Kerberos CNAME Relay Attack Diagram

The industry has spent years working toward deprecating NTLM. Microsoft has been signaling its end since 2023, when they announced plans to disable NTLM across Windows 11, and in 2024 they formally deprecated all versions of NTLM, including NTLMv2. The reasons are well-understood: NTLM relies on a challenge-response mechanism that makes it inherently susceptible to relay attacks, lacks mutual authentication, and uses weak cryptographic primitives that have been progressively broken over the past two decades.

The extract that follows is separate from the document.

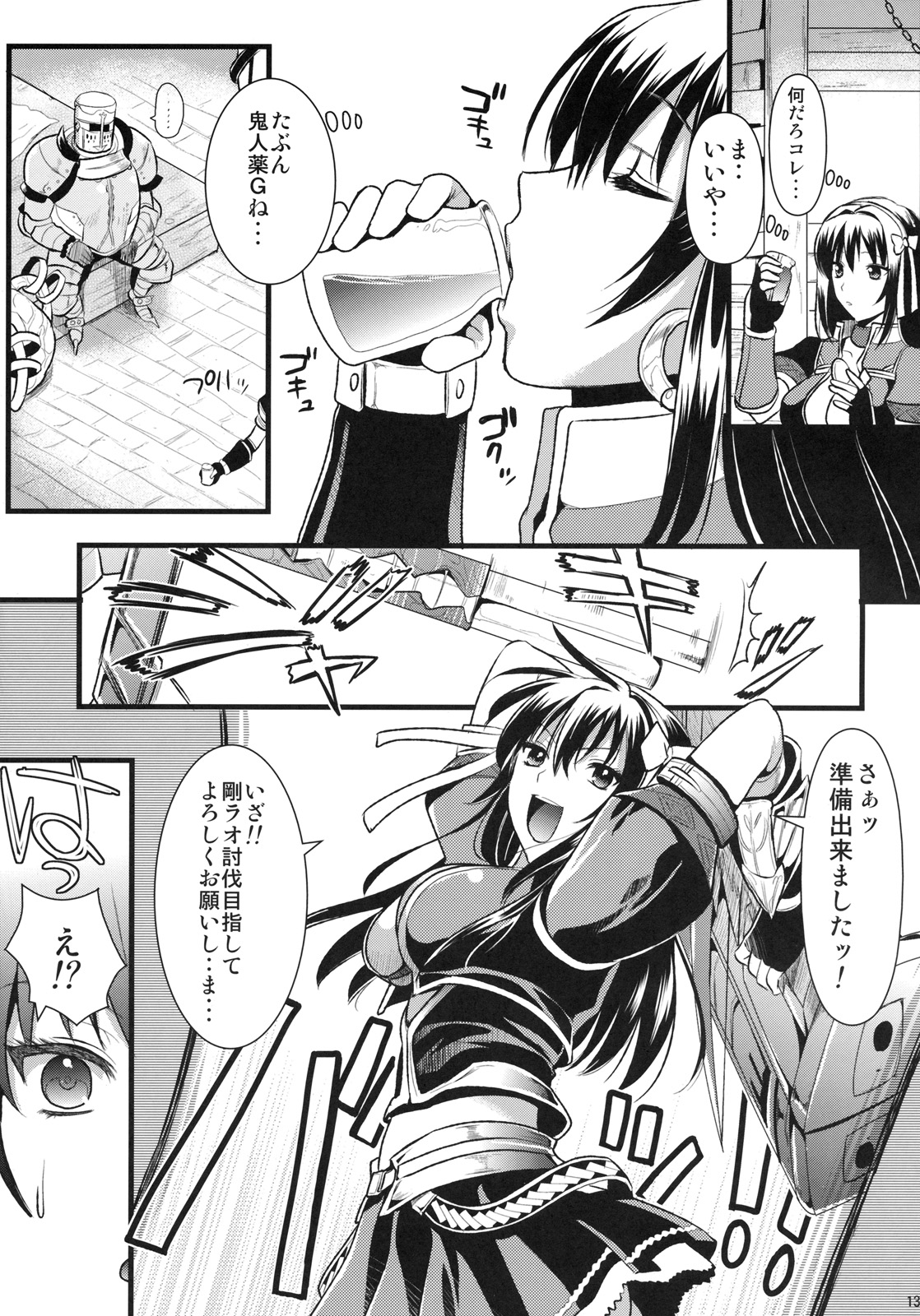 Shujou Seikou page 12 full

In a typical Windows Active Directory deployment, both protocols coexist: Kerberos is the default for domain-joined machines authenticating to domain resources, while NTLM serves as the fallback when Kerberos negotiation fails, such as when clients connect by IP address instead of hostname, when accessing resources outside the domain, or when legacy applications explicitly require it. The assumption was straightforward: eliminate NTLM, eliminate relay attacks. CVE-2026-20929 demonstrates that assumption was wrong.

Introduction

In January 2026, researchers at Cymulate published findings on a novel attack technique that enables Kerberos authentication relay through DNS CNAME record abuse. The attack, tracked as CVE-2026-20929, allows an attacker with network-level access, meaning the ability to intercept and manipulate traffic on the local network segment (for example, through ARP spoofing, a rogue DHCPv6 server, or a compromised switch), to relay Kerberos service tickets between hosts without ever touching NTLM.

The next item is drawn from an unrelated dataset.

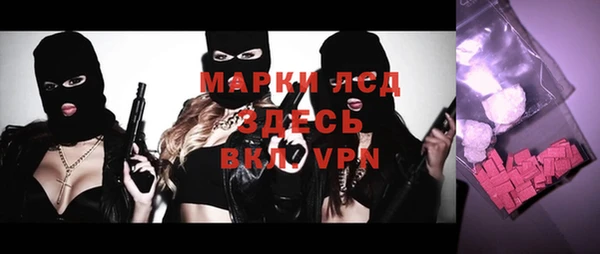 Альфа ПВП Балахна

This is possible because the attack exploits a fundamental behavior in how the Key Distribution Center (KDC) issues service tickets: when resolving a hostname, the KDC follows DNS CNAME records and issues a ticket encrypted for the CNAME target rather than the originally requested host.

An attacker who controls the DNS response can redirect the KDC into issuing a ticket valid for a machine of their choosing, then relay that ticket without needing to decrypt or modify it.

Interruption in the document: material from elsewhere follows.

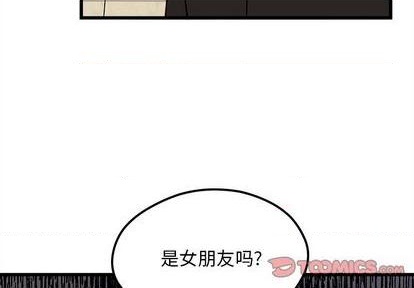 八卦恋爱攻略漫画,第83话1图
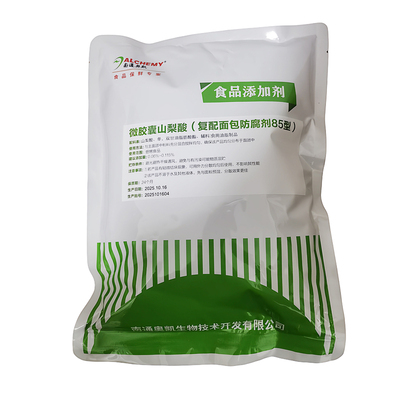 奥凯微胶囊山梨酸复配面包防腐剂85型商用糕点月饼烘焙制品保鲜剂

We decided to validate this in our lab. Using the GOAD (Game of Active Directory) vulnerable network as a testing grounds, we built a multi-domain Active Directory environment and reproduced the full attack chain. The result: SAM hashes dumped on a relay target in a completely separate domain, via pure Kerberos relay. No NTLM involved at any stage.

In a traditional NTLM relay, the attacker intercepts the challenge-response exchange and forwards it to a target service, exploiting the fact that NTLM authentication is not bound to the specific service being accessed:

The key weakness: NTLM's challenge-response is not tied to any specific service. The same response that authenticates to a file share also authenticates to an Exchange server or a domain controller.

To be clear, this is about authentication, not authorization: the relayed response proves the victim's identity to the target service, and the target accepts it.

What the attacker can actually do after authenticating depends on the victim account's permissions on that target. But the authentication itself succeeds regardless, and in practice, many relay attacks target services where the victim account is a local administrator (such as other workstations) or where default permissions are permissive enough to be useful. The attacker just forwards bytes.

Kerberos was designed to prevent exactly this kind of attack. Each service ticket is encrypted with the target service's secret key and bound to its Service Principal Name (SPN). A ticket issued for Service A is cryptographically useless against Service B:

This is the property that made Kerberos "relay-proof" in the conventional understanding. The ticket is a sealed envelope that only the intended recipient can open.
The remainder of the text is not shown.